In mid-May, the sisters and their husbands, Jake Elgersma and Paul King, were on hand in Little Chute, Wis., as Bel Brands produced the first batch of Guinn Special Recipes.
That was the day the business began to feel real, Elgersma said. “But it will feel really real when we see it on the shelves. Everything gets more and more exciting by the day.”
Lampkin’s Hy-Vee connection proved invaluable as it led the new business owners to their distributor, Lomar Distributing Inc., Des Moines. Lomar, which is a Hy-Vee company, distributes not only to the 230 stores Hy-Vee has in eight states but also to other grocery store chains.
Lampkin said the Lomar sales representatives will begin working to place Guinn Special Recipes in the Hy-Vee chain. “But our hope is it will be requested in another chain because that’s how they will grow.”
He expects the Quad-City Hy-Vees to be the first to jump on board because they will recognize the Shamrock Inn connection their customers may have.
In fact, Tony Fuhrmeister, the Silvis Hy-Vee store director, recently got his first delivery of the product. “We try to support our local community,” he said, adding that cheeses are an unusual product to come from a local company, but he has had requests from makers of barbeque sauces and salsas to place products in his store.
He also has a family connection to the operation — King’s daughter, Jordan, works at the Silvis store and her son, Joey, is a former Hy-Vee employee.
Though the sisters share a lot of the credit with Lampkin for helping them make Guinn Special Recipes a reality, he said, “Those girls have worked their tails off. They knew what they wanted to do but they didn’t know how to get it done.
“This is a perfect example of what SCORE want to get accomplished,” said Lampkin, who has been a SCORE volunteer for four years. “People come in with a great idea and, with SCORE’s knowledge, they can get it accomplished.”
Elgersma said they already have ideas for three more flavors, but are taking it slow.

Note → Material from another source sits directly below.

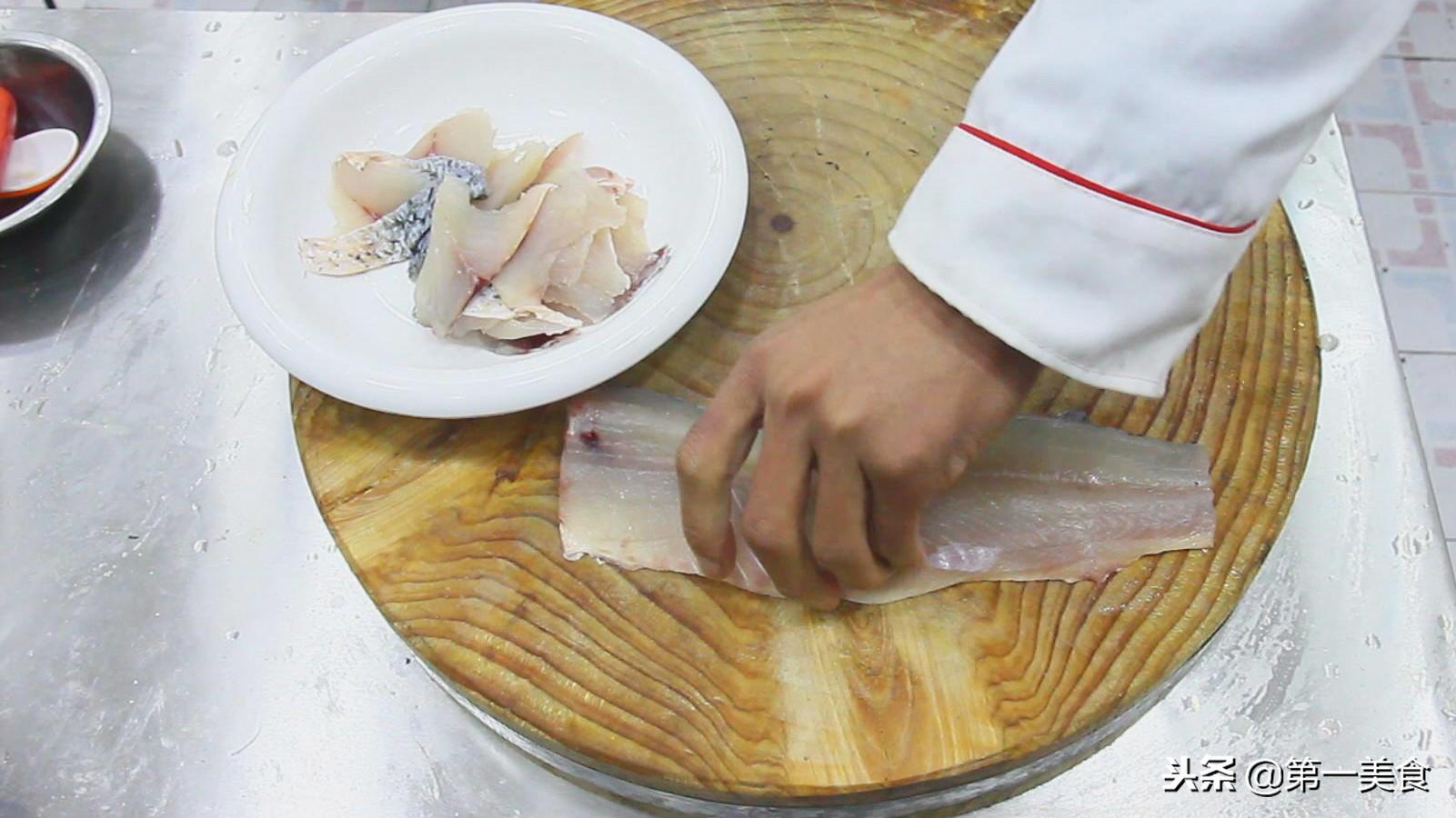 酸菜鱼的做法家常做法教程「分享」-2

But as soon as the venture is paying its way and they are seeing profits, she said they plan to begin giving some of the proceeds to the Alzheimer’s Association in memory of their mother, Pat, who died in 2003 at age 67.
“My goal is to be nationwide in a year or less,” King said, adding she is enjoying “the time with my sister.”
Elgersma said their road to business ownership has not been without hurdles. “But we have been having a ball. It’s been work, but it’s been fun work.”